Data under study:
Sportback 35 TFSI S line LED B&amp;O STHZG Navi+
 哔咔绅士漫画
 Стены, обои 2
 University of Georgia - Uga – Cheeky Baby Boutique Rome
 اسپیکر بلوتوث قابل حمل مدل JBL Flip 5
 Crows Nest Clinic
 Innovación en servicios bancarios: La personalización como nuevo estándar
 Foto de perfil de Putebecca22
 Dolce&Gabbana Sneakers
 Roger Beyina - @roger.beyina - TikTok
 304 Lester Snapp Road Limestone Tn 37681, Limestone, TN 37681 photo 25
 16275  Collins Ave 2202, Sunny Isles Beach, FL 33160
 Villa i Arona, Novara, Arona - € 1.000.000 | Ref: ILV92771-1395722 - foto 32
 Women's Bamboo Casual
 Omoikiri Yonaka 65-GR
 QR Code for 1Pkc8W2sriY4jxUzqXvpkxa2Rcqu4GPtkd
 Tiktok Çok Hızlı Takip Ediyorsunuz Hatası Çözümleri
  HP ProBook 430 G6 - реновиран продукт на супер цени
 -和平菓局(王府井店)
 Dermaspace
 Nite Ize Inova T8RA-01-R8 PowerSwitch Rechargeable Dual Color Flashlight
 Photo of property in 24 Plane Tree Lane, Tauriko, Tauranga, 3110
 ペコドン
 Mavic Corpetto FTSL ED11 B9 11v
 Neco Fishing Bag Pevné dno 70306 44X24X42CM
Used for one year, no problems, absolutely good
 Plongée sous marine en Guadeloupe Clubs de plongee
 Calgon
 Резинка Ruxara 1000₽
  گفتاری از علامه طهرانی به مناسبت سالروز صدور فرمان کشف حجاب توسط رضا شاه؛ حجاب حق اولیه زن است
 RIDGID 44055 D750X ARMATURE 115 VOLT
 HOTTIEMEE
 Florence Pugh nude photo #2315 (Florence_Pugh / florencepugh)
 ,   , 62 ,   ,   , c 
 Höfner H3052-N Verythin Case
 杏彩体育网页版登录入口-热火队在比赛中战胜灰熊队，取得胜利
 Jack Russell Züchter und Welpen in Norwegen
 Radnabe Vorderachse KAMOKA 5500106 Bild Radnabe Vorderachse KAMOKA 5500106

Problem details:
Everything from the first line of the data through the line holding "Dolce&Gabbana Sneakers" should be output exactly, and no other lines.

Output for this task:
Sportback 35 TFSI S line LED B&amp;O STHZG Navi+
 哔咔绅士漫画
 Стены, обои 2
 University of Georgia - Uga – Cheeky Baby Boutique Rome
 اسپیکر بلوتوث قابل حمل مدل JBL Flip 5
 Crows Nest Clinic
 Innovación en servicios bancarios: La personalización como nuevo estándar
 Foto de perfil de Putebecca22
 Dolce&Gabbana Sneakers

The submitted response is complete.